Cette crise de confiance me semble absolument irréversible. Comment pourrait-on faire confiance à un régime qui a violé tous ses engagements, qui a menti systématiquement, qui a transformé la diplomatie en une arme de guerre ? C’est cette destruction du capital confiance qui me semble la plus tragique de ce conflit. Parce que même si la guerre s’arrête un jour, même si des accords sont signés, comment reconstruire cette confiance essentielle à toute coexistence pacifique ? C’est comme dans un couple après une trahison massive – la relation peut continuer formellement, mais la confiance, cette foi en la parole de l’autre, cette certitude que les engagements seront tenus, elle est détruite à jamais.
Section 9 : le coût humain de la résistance
1 407 jours de résilience inouïe
Le chiffre cité par Zelenskyy – 1 407 jours de guerre à grande échelle – est plus qu’une simple statistique.

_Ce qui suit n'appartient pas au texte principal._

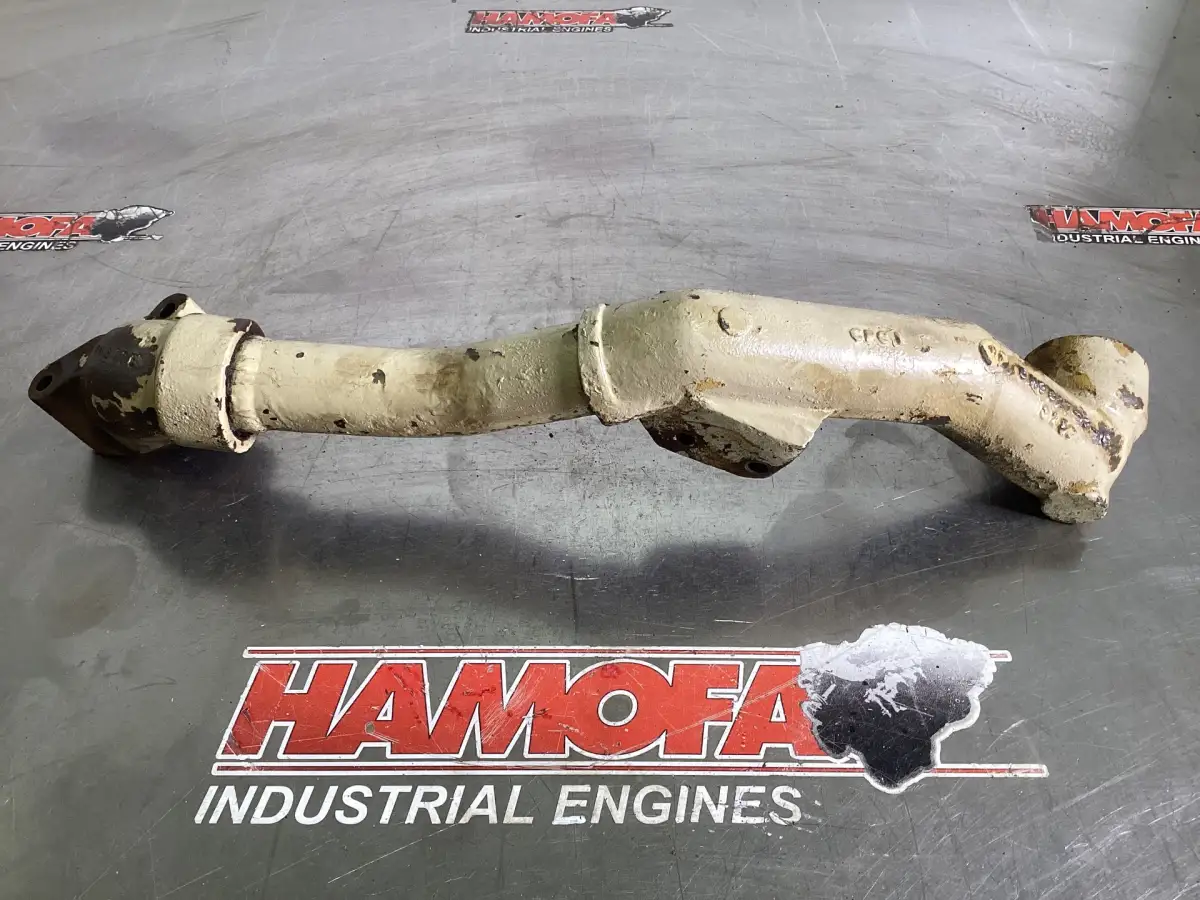 CATERPILLAR WATER ELBOW 6N3026 USED - Picture 4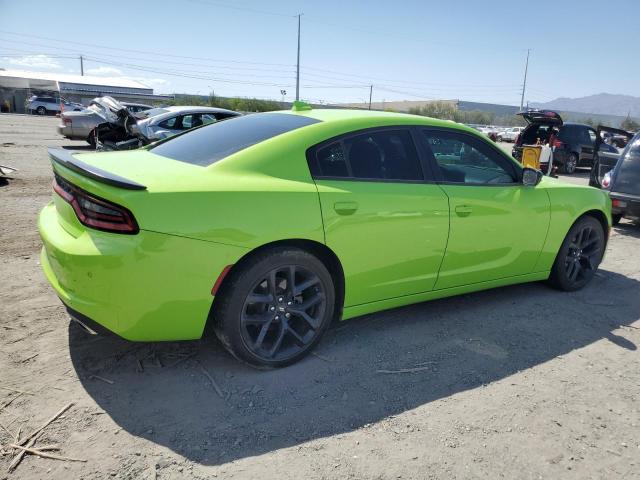  DODGE CHARGER 2023 Зеленый
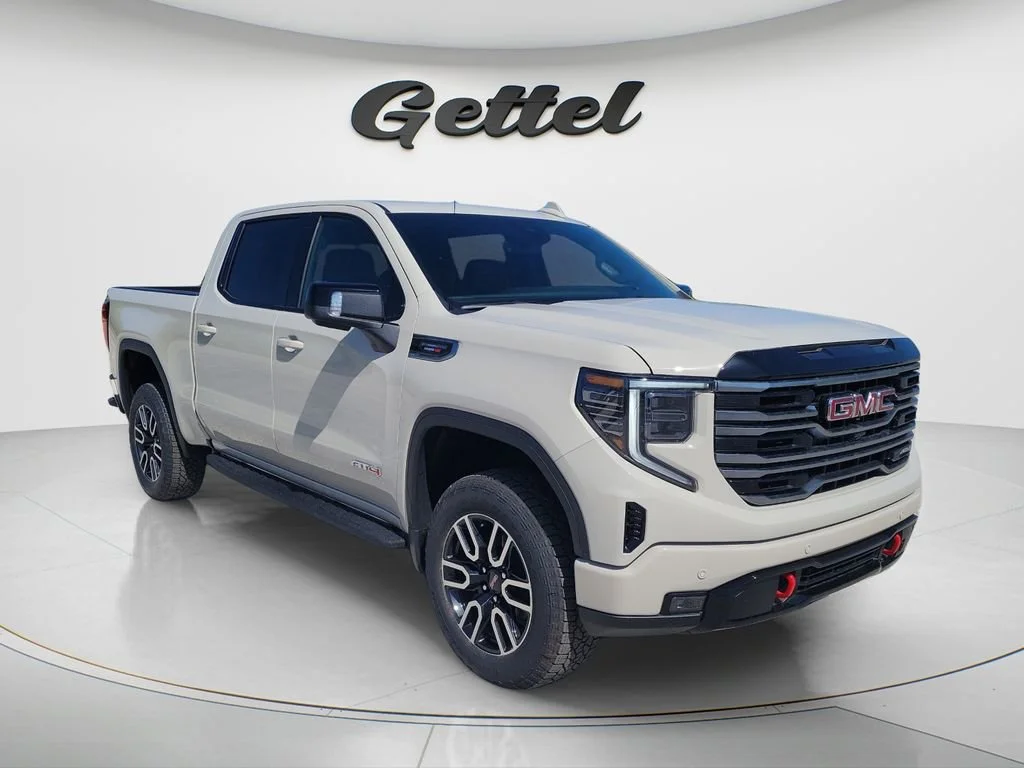 New 2026 Coastal Dune GMC AT4 image 3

Il représente 1 407 nuits passées dans des abris, 1 407 matins où les Ukrainiens se sont réveillés en se demandant s’ils verraient le jour suivant, 1 407 jours où les enfants ont grandi au son des sirènes et les parents ont vécu avec la peur permanente de perdre leurs proches. Le président a rappelé que cette durée est « plus longue que l’occupation nazie de beaucoup de nos villes pendant la Seconde Guerre mondiale », une comparaison qui situe la résistance ukrainienne dans une perspective historique de lutte pour la survie nationale.
Zelenskyy a dépeint avec une précision poignante le quotidien des Ukrainiens : « Un pays qui, en effet, passe chaque nuit dans des abris. Chaque jour – dans la lutte. Souvent – sans électricité. Souvent – sans sommeil, maintenant des positions pendant beaucoup, beaucoup de jours. Pourtant toujours – sans panique, sans chaos, sans division, dans l’unité – afin que nous puissions avoir la paix ». Cette capacité à maintenir l’unité et la détermination malgré les épreuves daily est peut-être le miracle le plus étonnant de cette guerre – un peuple qui a choisi de ne pas se laisser diviser par la peur ou la souffrance.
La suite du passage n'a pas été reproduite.